[Records to use]:
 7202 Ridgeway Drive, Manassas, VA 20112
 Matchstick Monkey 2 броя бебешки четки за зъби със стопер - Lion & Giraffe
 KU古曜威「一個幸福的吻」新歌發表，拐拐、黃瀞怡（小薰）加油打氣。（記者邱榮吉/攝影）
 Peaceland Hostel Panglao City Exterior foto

* * *

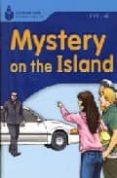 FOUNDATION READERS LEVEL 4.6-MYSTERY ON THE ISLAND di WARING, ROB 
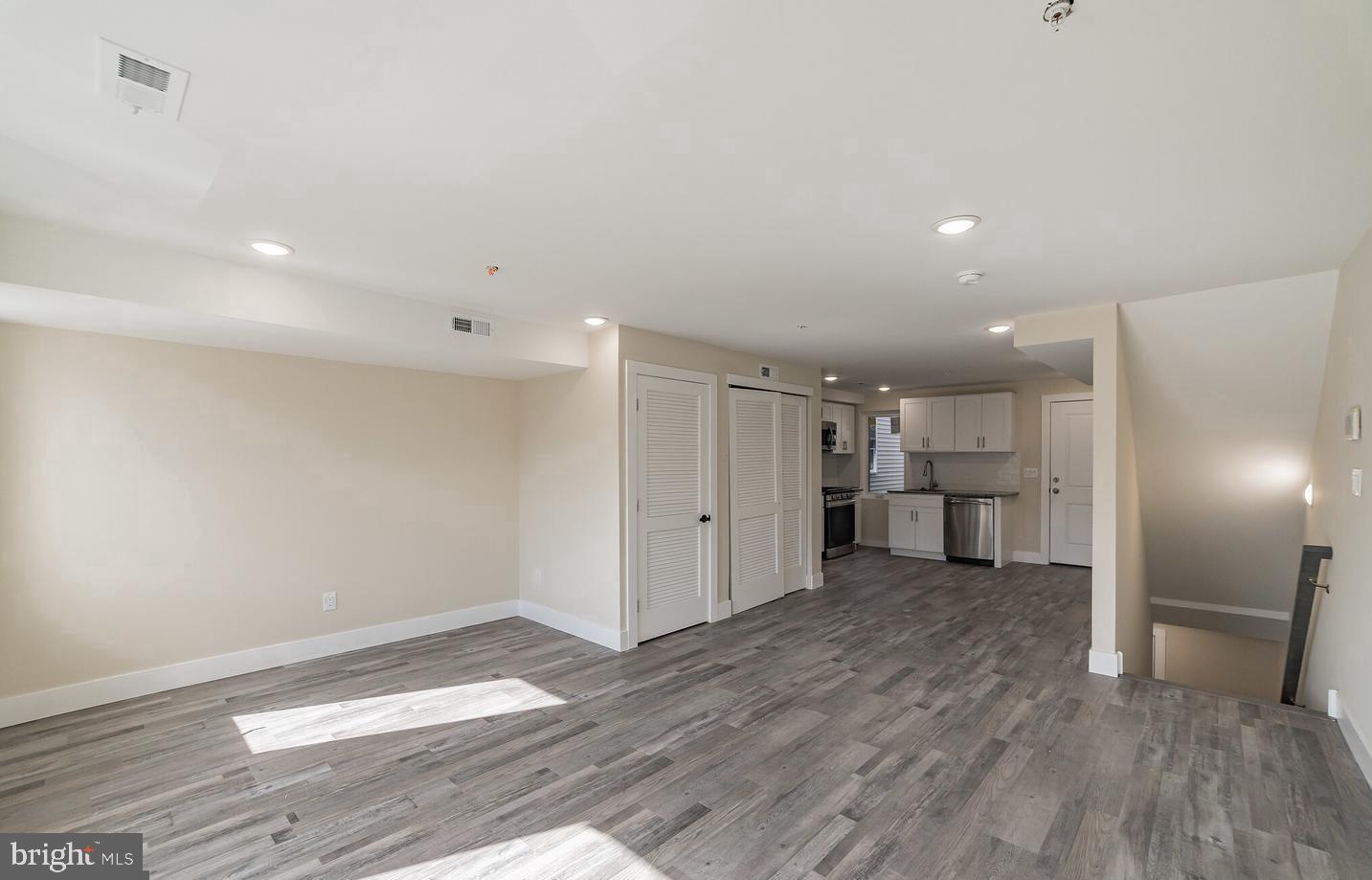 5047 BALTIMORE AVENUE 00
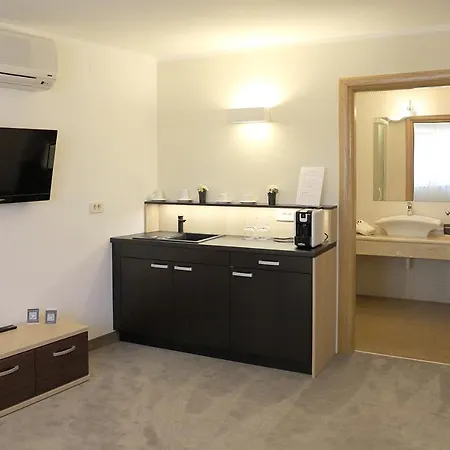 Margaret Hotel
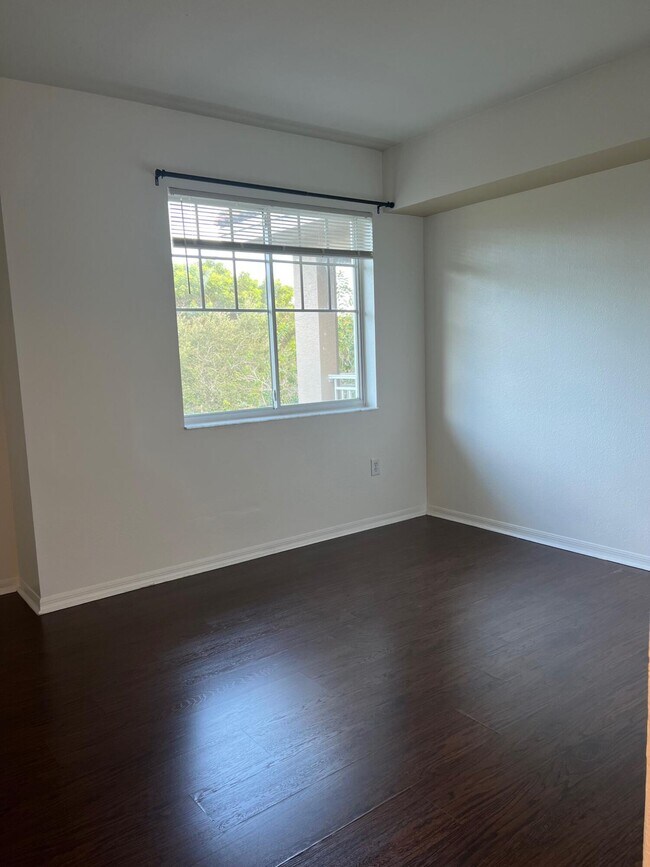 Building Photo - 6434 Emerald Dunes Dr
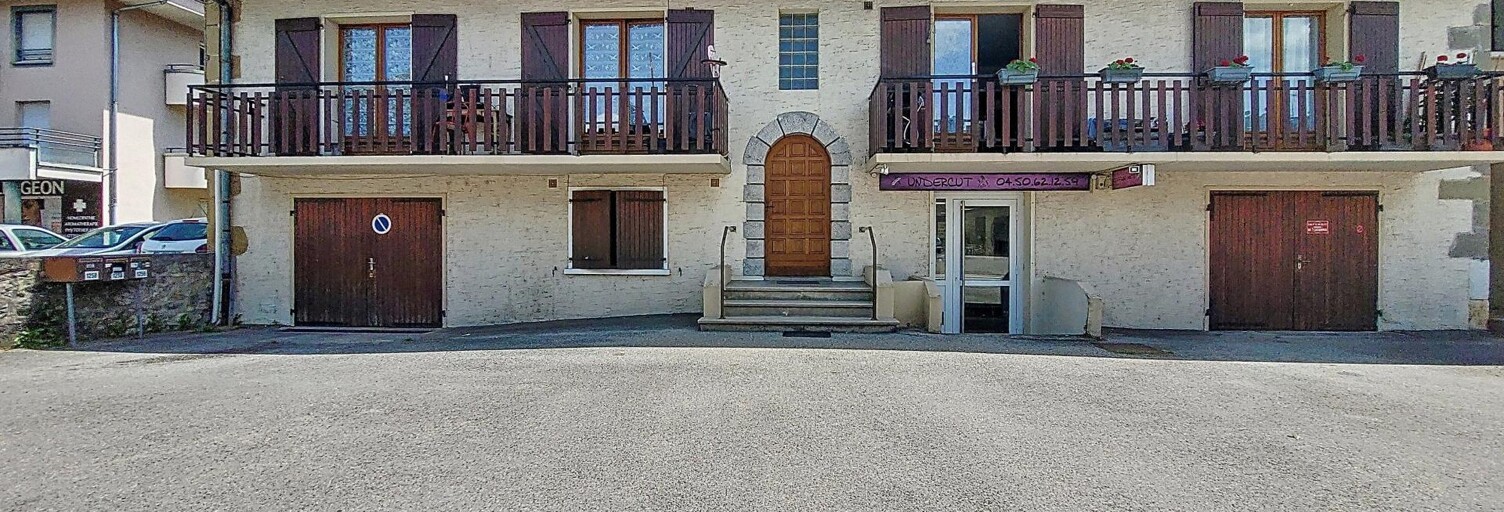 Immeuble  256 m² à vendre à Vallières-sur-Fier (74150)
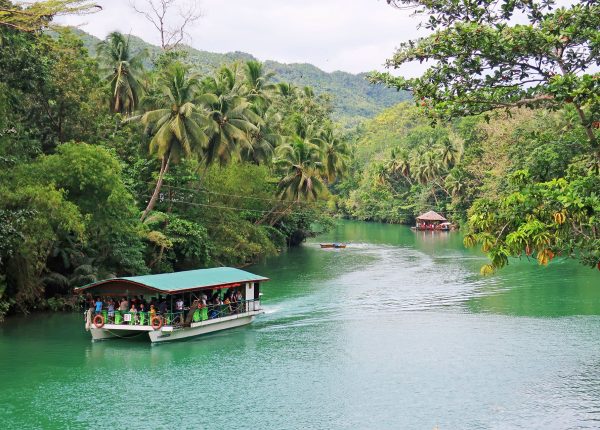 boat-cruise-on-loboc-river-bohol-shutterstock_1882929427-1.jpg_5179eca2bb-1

--

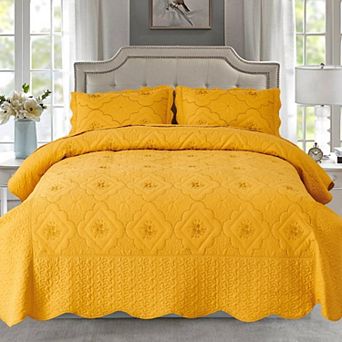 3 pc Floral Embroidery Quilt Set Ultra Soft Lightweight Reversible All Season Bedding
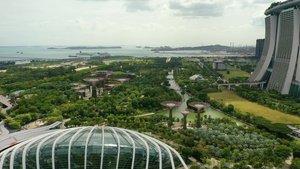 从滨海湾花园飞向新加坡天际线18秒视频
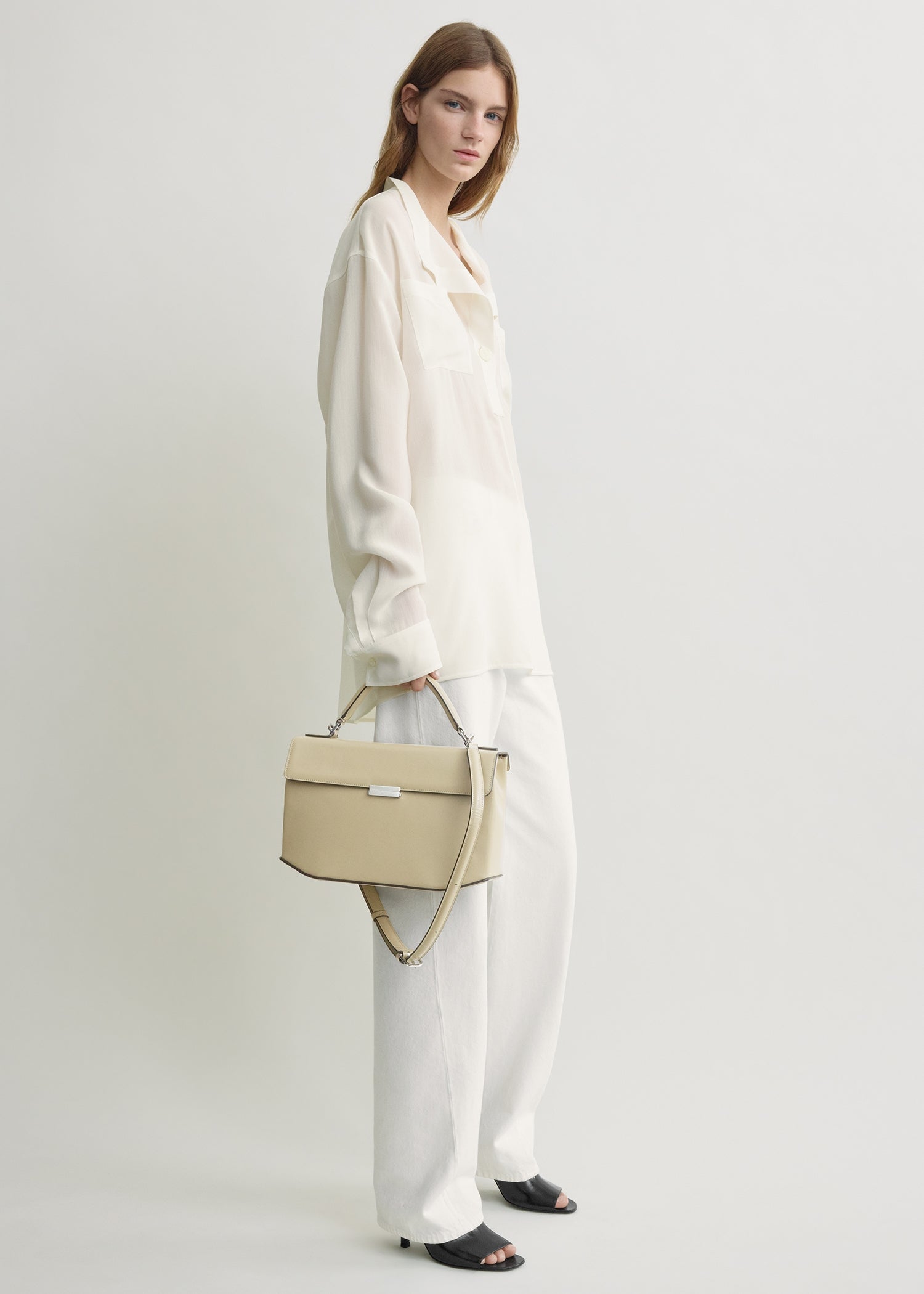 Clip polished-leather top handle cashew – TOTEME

[About this task]: Of the lines above, extract only those from the line with "7202 Ridgeway Drive, Manassas, VA 20112" to the line with "Peaceland Hostel Panglao City Exterior foto", both included, exactly as written.

[Written solution]:
 7202 Ridgeway Drive, Manassas, VA 20112
 Matchstick Monkey 2 броя бебешки четки за зъби със стопер - Lion & Giraffe
 KU古曜威「一個幸福的吻」新歌發表，拐拐、黃瀞怡（小薰）加油打氣。（記者邱榮吉/攝影）
 Peaceland Hostel Panglao City Exterior foto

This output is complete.